Michigan State, Ohio State and Michigan, in one order or another, were the top dogs in the Big Ten back then. Evy beat all three of them in his first two seasons as head coach of the Hawkeyes.
Woody Hayes, the Ohio State coach, should have known what was coming when Evy snatched three of the best Ohio high school stars, including an end named Jim Gibbons, in his very first season of recruiting. Gibbons caught the game-winning touchdown pass in Iowa's upset victory over an OSU team that had national championship aspirations.
Two years later two of Iowa's most promising recruits were suspended after two young women who were not students filed sexual assault charges against them. Ultimnately the charges were dismissed when defense lawyers produced records of previous convictions of the complainants on prostitution charges -- in Columbus, OH.

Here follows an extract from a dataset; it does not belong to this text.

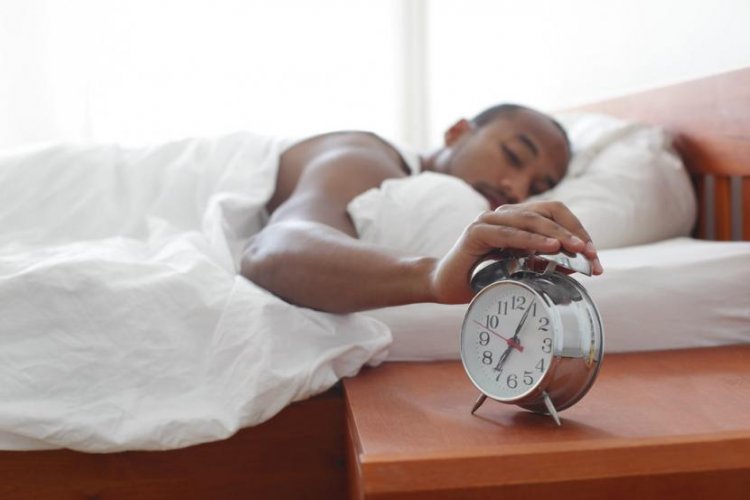 Bahaya untuk Kesehatan, Kenali 4 Tanda Kurang Tidur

I was a young sportswriter when Evashevski, the newly-hired Hawkeye coach, made his first speaking visit to eastern Iowa. Thinking to be helpful, I told him about a high school freshman the local folk thought would blossom into a very special player. "I've been in touch with Kenny's Dad," Evy replied. "I think he'll play at Iowa some day."
Play indeed. Kenneth Allen Ploen led Iowa to the Rose Bowl, where he was the most valuable player in a one-sided victory over Oregon State.
Evashevski seemed to be a step ahead of everybody -- including the fiery-tempered Hayes. Twice Evy outfoxed Hayes by installing entirely new offensive and defensive schemes just for the Ohio State game.
I learned of Forest Evashevski's death, at age 91, on the same day that I watched an Iowa football team remain undefeated through nine games by making an improbable comeback to beat Indiana 42-24.
Kirk Ferentz, who coaches the Hawkeyes these days, attributed his team's success to its "mental toughness."
Surely Evy was smiling in his new grave.